Where there is a misunderstanding, it is assumed that the AFS equates to pilot sales, which it clearly does not. This department cannot approach this on the basis of it being a right, nor has it done so. It is done on the basis of it being a policy decision set by the minister.

I think we have been consistent since this program was introduced in 1990.

Mr. Cummins: There is no consistency in your comments, Mr. Chamut.

Let's go to the Canada Gazette, Wednesday, June 30, 1993, where you were establishing the regulations for allowing these native-only commercial fisheries. As part of your justification you say:

You're using the courts as justification for the regulations that you set for these communal licences.

There's no consistency there, Mr. Chamut. You guys, when you introduced that program...for at least a year afterwards Mr. Crosbie said time and time again, ``Sparrow made me do it''. It was finally made quite clear to him that it wasn't Sparrow and suddenly it became a policy decision. That's a fact.

I don't think we're going to get anywhere arguing -

A voice: No.

Mr. Cummins: - because your comments made in 1993 are in direct contrast to what you were saying in August of this year.

The Chairman: I think it's quite fair to answer that, though.

Mr. Chamut: Yes, I would be delighted. I'm afraid that all I can say is that my statements in 1992 are consistent with the statements that were made in 1996. We have consistently made it clear that we are not in a business where we can establish aboriginal rights.

We have recognized that we do have an obligation to manage in such a way as to meet the aboriginal right to fish for food, social and ceremonial purposes, and that was the basis of the 1993 regulations that were set in place.

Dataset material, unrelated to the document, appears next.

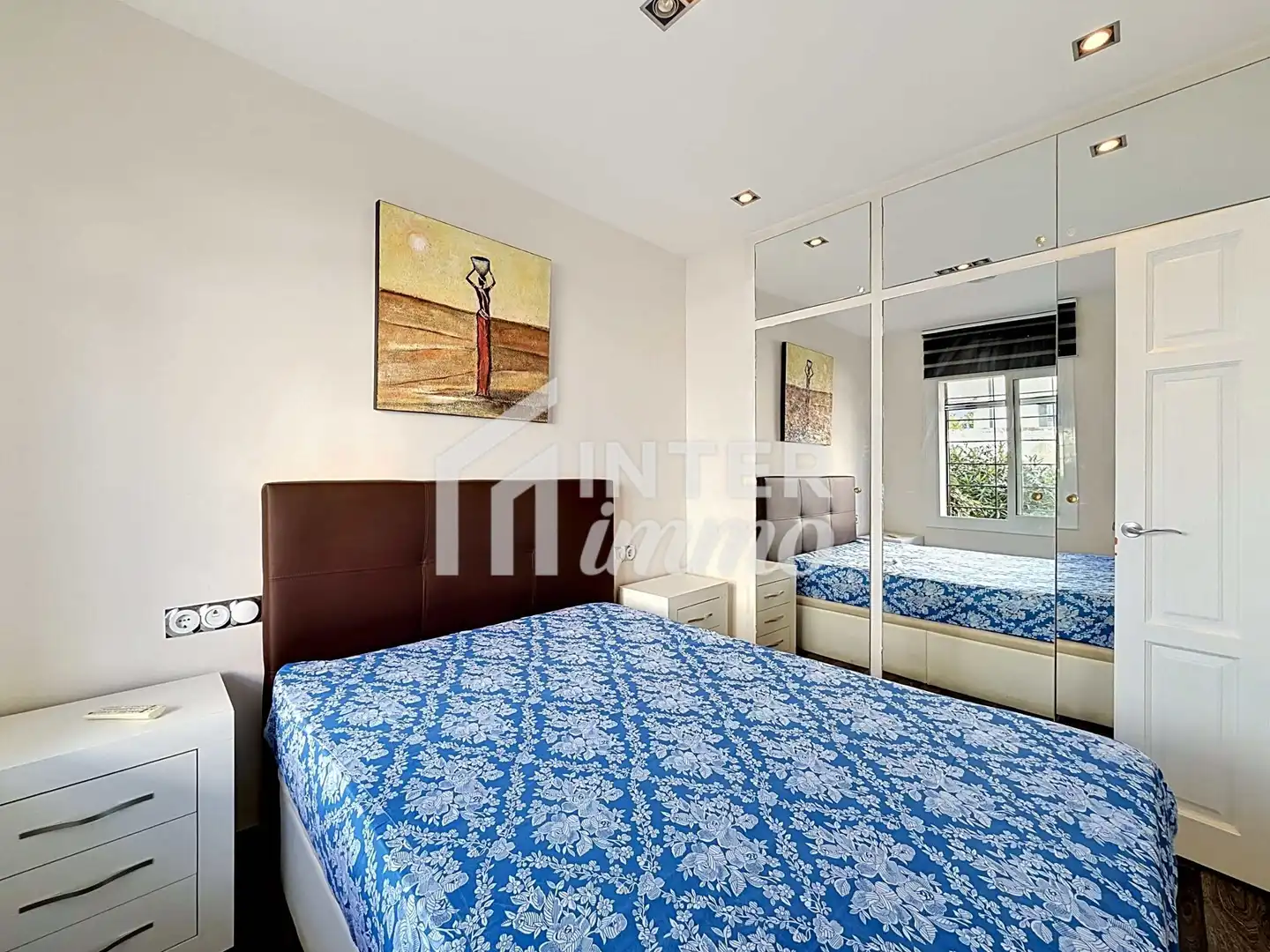 Appartement compact avec jardin à vendre à CARRER SEGRE 3 BAT A 17487 EMPURIABRAVA, imagen 7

They were not done specifically to authorize pilot sales.

I think you have to appreciate that the aboriginal fisheries strategy, as you commented earlier, is a national program that provides the basis for managing aboriginal fisheries across the country. It is not designed to simply authorize pilot sales as a matter of policy by the department.

Mr. Cummins: Again, Mr. Chamut, you contradict yourself and your department contradicts itself. On May 26, 1994, in the Canada Gazette, the regulations for the aboriginal commercial fishery, you say again on page 94-390:

The new regulations replace regulations that required the issuance of individual Aboriginal food fishing licences. Individual food licences were found to be inconsistent with the concept of communal Aboriginal fishing opportunities, as identified in the Supreme Court's Sparrow decision, and with the policy of increasing involvement of Aboriginal groups in managing their own affairs.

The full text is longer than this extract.